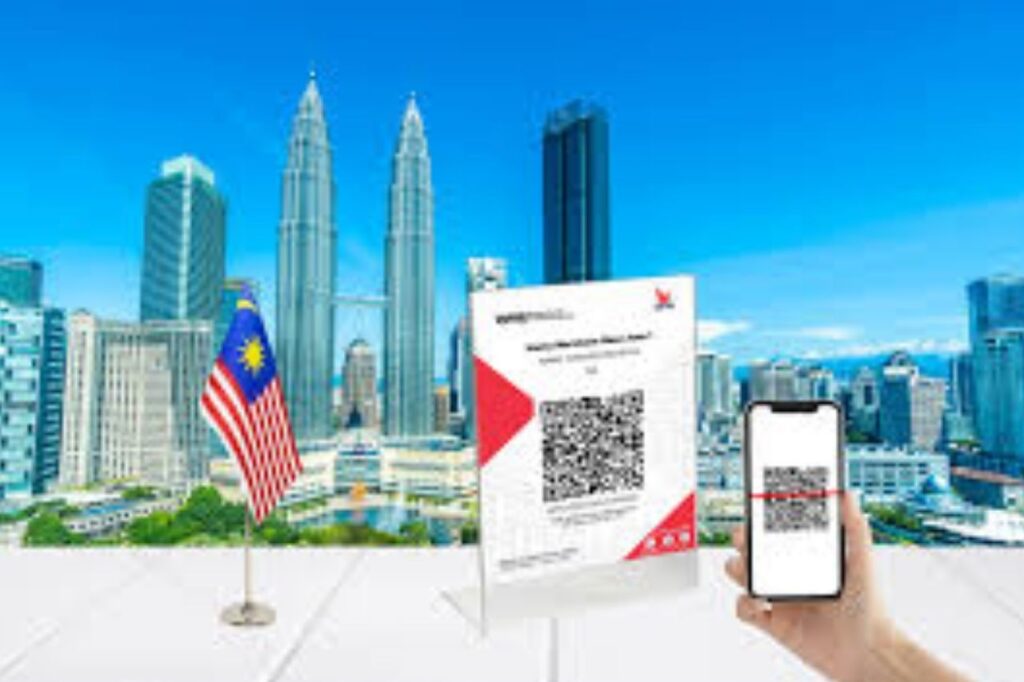 QRIS Malaysia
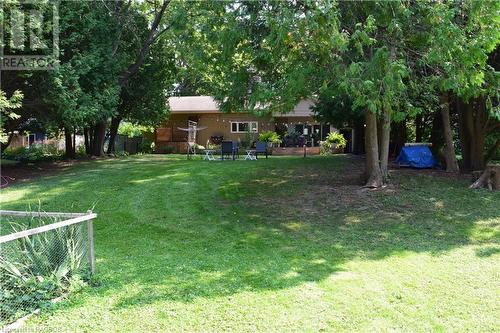 230 Tyendinaga Drive, Saugeen Shores, ON - Outdoor With Backyard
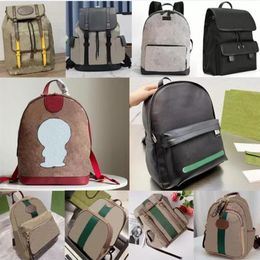 Designer Bags Backpack Knapsack bookbag Leather Christopher backpacks Bosphore men women handbags bag shoulder Crossbody Satch 118261C
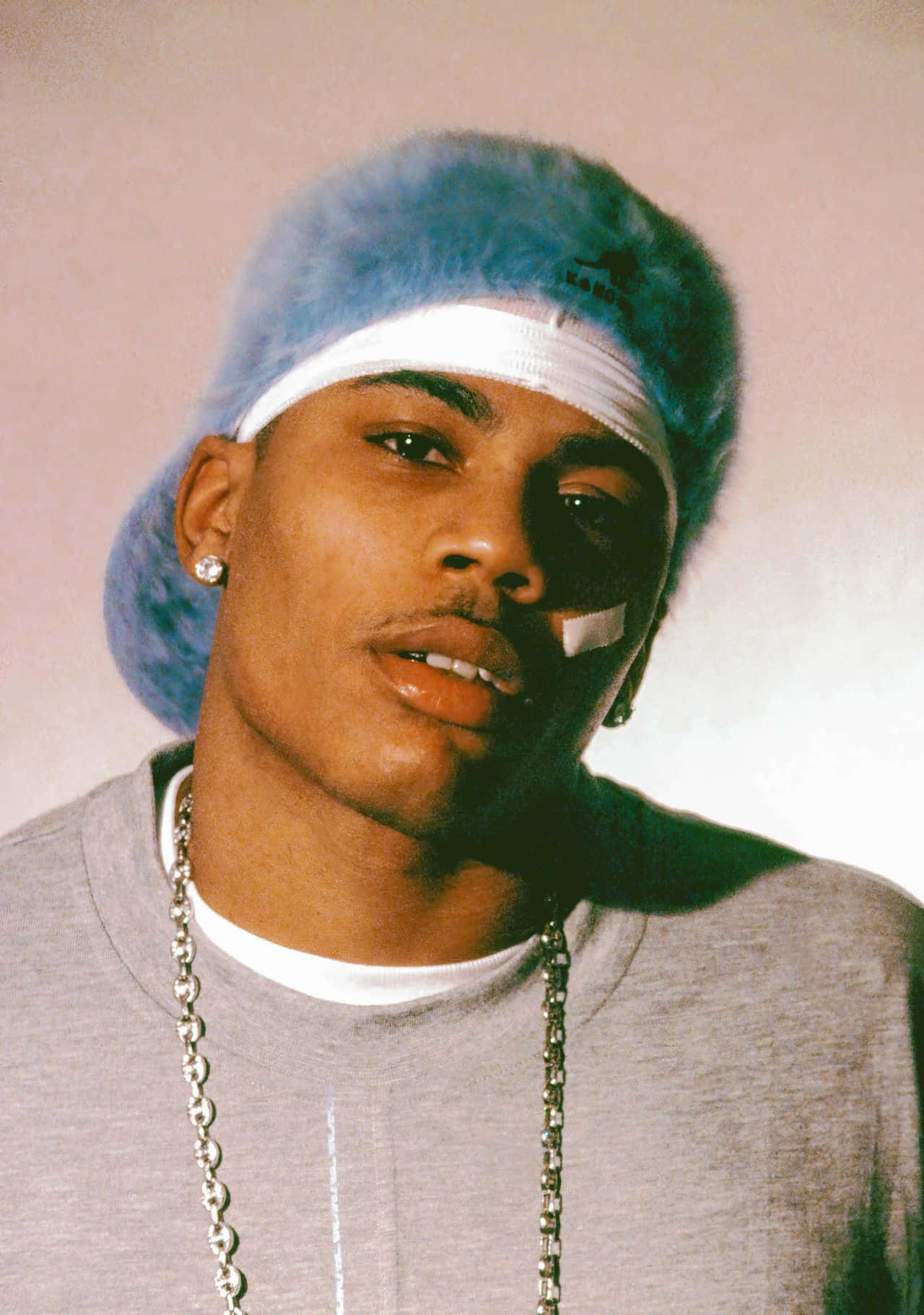 Download Nelly the 5time Grammy awardwinning artist Wallpaper   Wallpaperscom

* [ASSIGNMENT]: What you return must match the data above exactly, with no images included.

* [EXERCISE RESPONSE]:
 QRIS Malaysia
 230 Tyendinaga Drive, Saugeen Shores, ON - Outdoor With Backyard
 Designer Bags Backpack Knapsack bookbag Leather Christopher backpacks Bosphore men women handbags bag shoulder Crossbody Satch 118261C
 Download Nelly the 5time Grammy awardwinning artist Wallpaper   Wallpaperscom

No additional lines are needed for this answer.